A new simulation run is performed.
The new criterion Z’ is compared to the previous Z.
If Z’ < Z, the change was beneficial — retain it and continue; if Z’ ≥ Z, reverse the step.
The process continues until no further improvement in Z is found for any parameter.

The flowchart (Fig. 2) illustrates the program flow. The digital attachment sequences through the three adjustable controller parameters. For each parameter, a positive step is tested; if it yields improvement (smaller Z), a further step is taken in the same direction. Otherwise a negative step is tried. If neither direction improves Z, the step size for that parameter is halved. The algorithm terminates when all three step sizes fall below a preset minimum threshold.

Analog and Digital Parts

The analog computer simulates the controlled system and the PID controller. The digital attachment handles:

Setting and incrementing the controller parameters (via DACs feeding into the analog potentiometers or summers)
Triggering simulation runs
Reading the value of the criterion integral Z
Executing the optimization logic

The digital attachment used is the Telefunken DCR 100 connected to the Telefunken RAE 360 desktop analog computer (as shown in the photograph, Fig. 4).
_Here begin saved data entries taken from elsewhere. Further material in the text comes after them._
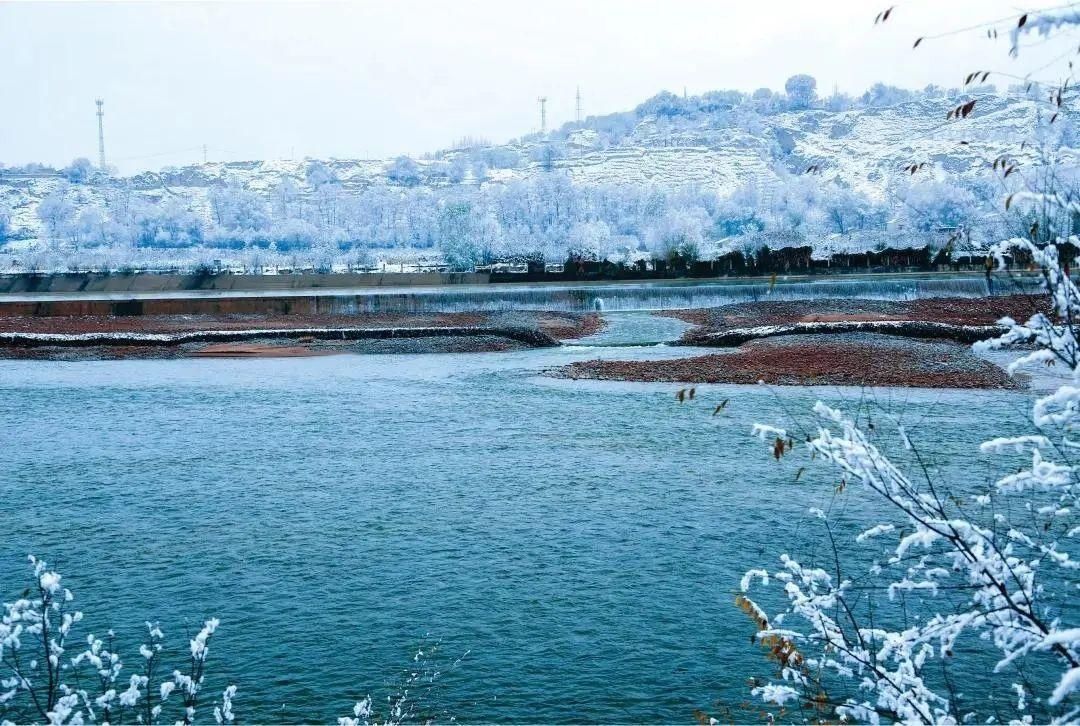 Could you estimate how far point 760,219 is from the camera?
152 m

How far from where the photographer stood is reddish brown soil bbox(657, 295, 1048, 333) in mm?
42188

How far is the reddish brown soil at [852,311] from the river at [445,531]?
19550 millimetres

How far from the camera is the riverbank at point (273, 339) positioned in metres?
36.8

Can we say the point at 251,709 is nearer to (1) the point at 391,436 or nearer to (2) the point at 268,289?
(1) the point at 391,436

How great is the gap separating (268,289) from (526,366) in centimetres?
5321

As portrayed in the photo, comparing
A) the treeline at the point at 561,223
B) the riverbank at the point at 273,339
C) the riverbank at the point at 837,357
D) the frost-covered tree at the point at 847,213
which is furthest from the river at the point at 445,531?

Description of the Optimization

Concrete starting values for K_P, T_N, and T_V (e.g., K_P = 0.5, T_N = 0.4, T_V = 0.1) are entered into the digital unit. A simulation run of duration T_S (e.g., 0.5 s in accelerated mode, equivalent to a real process time of 5 s) is performed, and the criterion integral Z is computed.

The digital unit then increments K_P by a step ΔK_P and runs another simulation. If the new Z is smaller, another step in the same direction is taken; otherwise the direction is reversed. If both directions fail to improve Z, the step size is halved. This continues until the step is smaller than the minimum allowed step. Then the same procedure is applied to T_N, then to T_V. The full cycle over all three parameters is repeated until no parameter can be improved, at which point the optimum has been reached.

The article notes that the total optimization time is substantially shorter than manual trial-and-error tuning, and that the method converges reliably to the minimum of the quadratic criterion for the example system described.

[Translation covers the first 6 pages (entire document); this is a 5-page article (pp. 293–297) plus a cover sheet.]